It's every cable operator's nightmare: It's Super Bowl Sunday. Millions of viewers are camped out in front of their TVs. Parties have been organized around what is arguably the premier TV event of the year. Then the cable goes out.
A scene like that could cost a cable company dearly in its fight for respectability in the customer service war, undoing several years of efforts to improve network reliability, picture quality and service levels. It's the type of problem newspapers and TV stations love to report, and contributes to cable's image as an outage-plagued service.
It doesn't have to be that way. Improved products and components, fiber-rich architectures, back-up power supplies and new policies and craft procedures are now putting the 99.99 percent reliability benchmark within a cable operator's grasp. But is that important? Do cable systems have to actually reach that lofty mark to be perceived as reliable?
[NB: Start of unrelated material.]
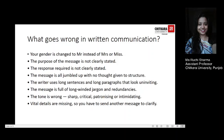What goes wrong in written communication often? Let's look at those challenges so that we can avoid them — whether it could be email, letters, memos, or faxes. For example, your gender can be changed to Mr. instead of Mrs. or Miss. The purpose of the message could not be clearly stated. The response required may also not be clearly stated. The message is all jumbled up with no thought given to structure. The writer has used long sentences and long paragraphs that look uninviting. The message could be full of long-winded jargon and redundancies. The tone could be wrong — sharp, critical, patronizing, or sometimes even intimidating. Vital details in the mail could be missing, so you have to send another message asking for clarification.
And where did this perhaps unrealistic goal come from, anyway?
Addressing the latter question first, the 99.99 percent figure came from specifications written by Bellcore as a goal that manufacturers should engineer their equipment to achieve. But the number was chosen arbitrarily as opposed to being mandated by either government regulation or carrier request.
Nevertheless, the telephone companies have done a masterful job of implying that their networks routinely reach the "four 9s," but in reality, they probably don't even come close to achieving that mark, which equates to 53 minutes of outage time per year. No one outside of the telephone companies knows for sure, because they're not required to report overall availability figures to anyone.
In fact, when measuring system availability, telco mathematicians factor out the network switching fabric, as well as the customer premise equipment. Problems with commercial power also don't count. And the clock doesn't start ticking until the first customer calls to report an outage.
The cable industry, on the other hand, is faced with a number of challenges before it will ever be perceived as a reliable network. First, people watch TV much more than they use the telephone, so they're more likely to notice a cable outage. If there's a problem with the phone, the caller is greeted with a fast busy signal and simply redials to re-establish a conversation; but with a TV outage, the viewer has forever missed a portion of the event.
Research and some early studies of cable systems has shown that significant strides can be made in network availability by shoring up four major areas: plant power, network architecture, replacing aging coaxial cable and simply altering craft practices and procedures to be more mindful of their effects on the plant.
By far, the biggest bugaboo for operators is power. Commercial power quality varies greatly by location, and many areas are prone to short outages that might go unnoticed by consumers, but can interrupt bitstreams or telephony conversations.
"Most of our outages are of short duration," notes Tony Werner, vice president of engineering at TCI Communications. That's where strategically-placed standby power units come into play. "A lot of times, just by converting 10 percent to 15 percent of your plant to standby power, you can make a huge impact."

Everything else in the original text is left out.